L’articolo si struttura come segue: il primo paragrafo offre una breve disamina dei modelli di frontiera e del modello Stato-centrico. Il secondo paragrafo propone un confronto tra i sistemi basati sulla quintupla elica e i sistemi statalisti, con la descrizione dei risultati dell’analisi di benchmarking. Il paragrafo propone anche un focus sulle relazioni tra Italia e Bielorussia e sull’adesione da parte della Bielorussia alla EAEU. La discussione, le conclusioni e le principali implicazioni sono riportate nell’ultima sezione.
2. Modelli di trasferimento tecnologico: una analisi della letteratura
Il processo di trasferimento di “tecnologia”, da uno o più soggetti (detentore) verso più soggetti diversi (ricevente), può coinvolgere anche eventuali soggetti di interfaccia deputati a facilitare il processo e a renderlo più efficiente (Passarelli, 2016). Diversi sono gli attori coinvolti: il detentore della tecnologia, cioè chi la crea (donor) e la offre sul mercato, il suo destinatario (recipient), ovvero chi intende acquistarla, e gli eventuali soggetti di interfaccia (broker), il cui compito è quello di facilitare e rendere più efficiente il processo e fungere da canale di trasferimento (bridging actors). La nuova conoscenza scientifica e tecnologica viene continuamente prodotta in varie forme dai donor che appartengono a categorie eterogenee tra loro: operatori della ricerca, laboratori di ricerca pubblici e privati, aziende spin-off da ricerca (da brevetti o da competenza), laboratori di R&S delle grandi imprese. L’efficacia del trasferimento verso i recipient è influenzata dalle caratteristiche degli agenti che sono coinvolti in questo processo (Coccia & Cariola, 2002; Passarelli & Costabile, 2014) ed ha significative implicazioni sullo sviluppo dei territori. Infatti, grazie al trasferimento tecnologico, le realtà accademiche contribuiscono allo sviluppo economico delle imprese e diventano partner in grado di accrescerne la competitività con risvolti positivi sull’economia e la società. Il trasferimento tecnologico viene applicato in modo differente, a seconda che si tratti di un modello stato-centrico o di un modello collaborativo.

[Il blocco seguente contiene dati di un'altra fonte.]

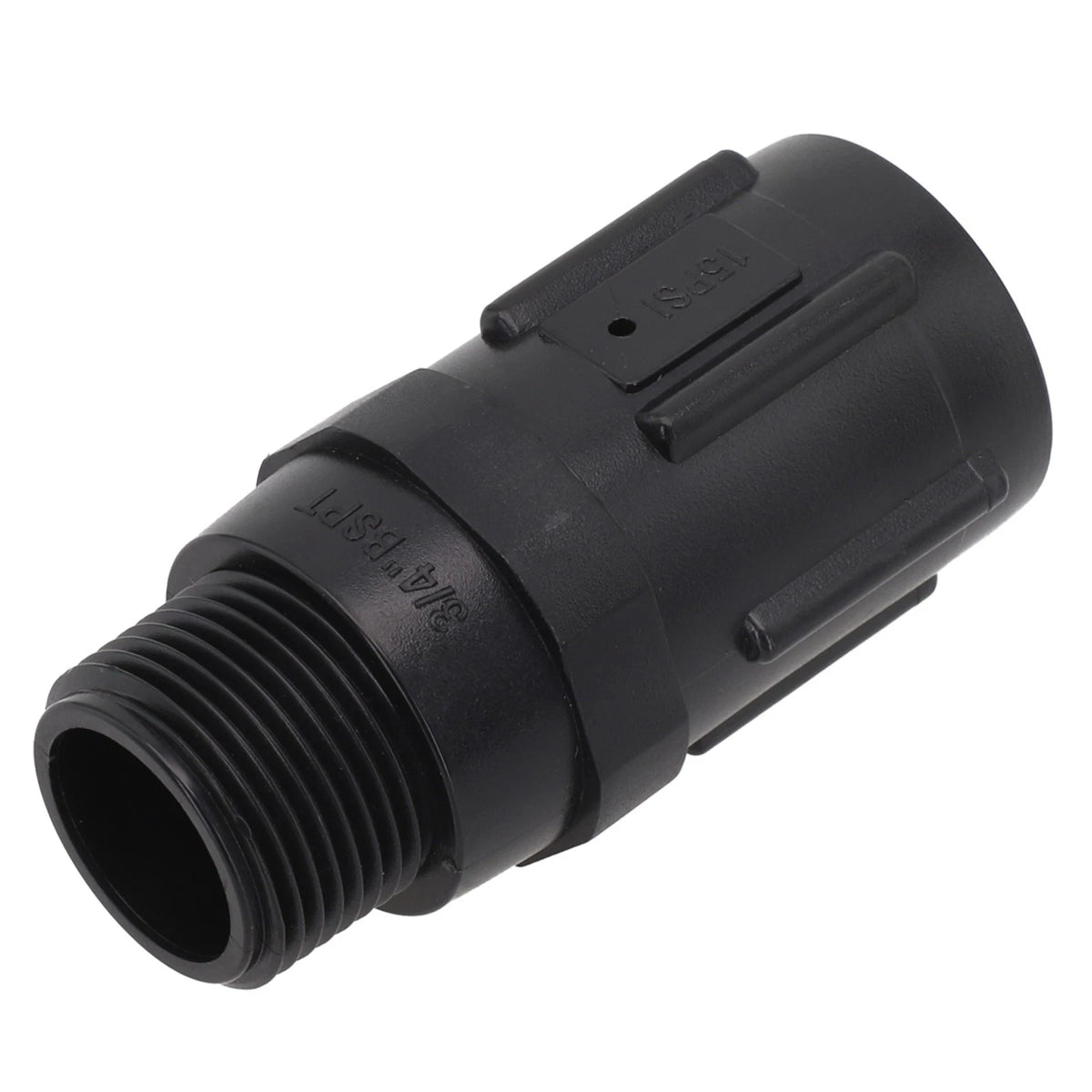 Pressure Regulating Valve for Water Regulation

Nello specifico, il modello “statalista” pone lo Stato al centro del processo di innovazione; esso assume il ruolo di coordinamento di tutto il processo innovativo, gestisce e alloca le relative risorse economiche e rappresenta il principale beneficiario dei guadagni ottenuti tramite le strategie di exploitation. I diritti sulle innovazioni e sulle tecnologie prodotte in tutto o in parte, con delle risorse statali, vengono detenute dallo Stato, ente amministrativo, regione o dai centri di ricerca nazionali che richiedono lo sviluppo dell’innovazione, mentre all’inventore vengono riservati i diritti morali. Lo Stato che detiene i diritti sui risultati delle ricerche e può trasferirli o cederli gratuitamente a organi, organizzazioni e imprese nazionali, subordinate allo Stato, alle organizzazioni o a persone non governative che hanno utilizzato le proprie risorse per il progetto. Il prezzo può essere deciso dallo stesso ente che detiene i risultati, con l’unico limite di dover tener conto delle risorse investite nel progetto di ricerca per coprire i costi.

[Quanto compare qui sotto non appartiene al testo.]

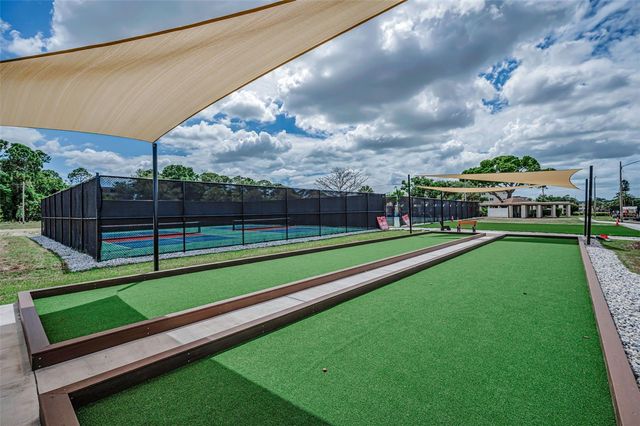 5969 TERRACE PARK DRIVE N 303, St Petersburg, FL 33709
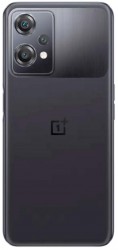OnePlus Nord CE 2 Lite  achterkant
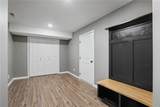 4713 Preston Lane - Photo 24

Il maggior numero di ricerche scientifiche viene finanziato dallo Stato, il quale delimita i campi di ricerca ai campi proposti dal programma statale o dagli enti statali. Questo comporta regole molto rigide, come ad esempio, la restituzione dei finanziamenti in caso di scarso successo dell’iniziativa. Inoltre, a causa di questi motivi molte imprese private rifiutano i programmi statali, ed i ricercatori che iniziano a lavorare per i progetti statali non hanno gli stimoli necessari per svolgere il proprio lavoro, in quanto essi vengono premiati, per lo sviluppo di una nuova tecnologia con un unico pagamento, una percentuale precisa dello stipendio (Мясникова, 2012).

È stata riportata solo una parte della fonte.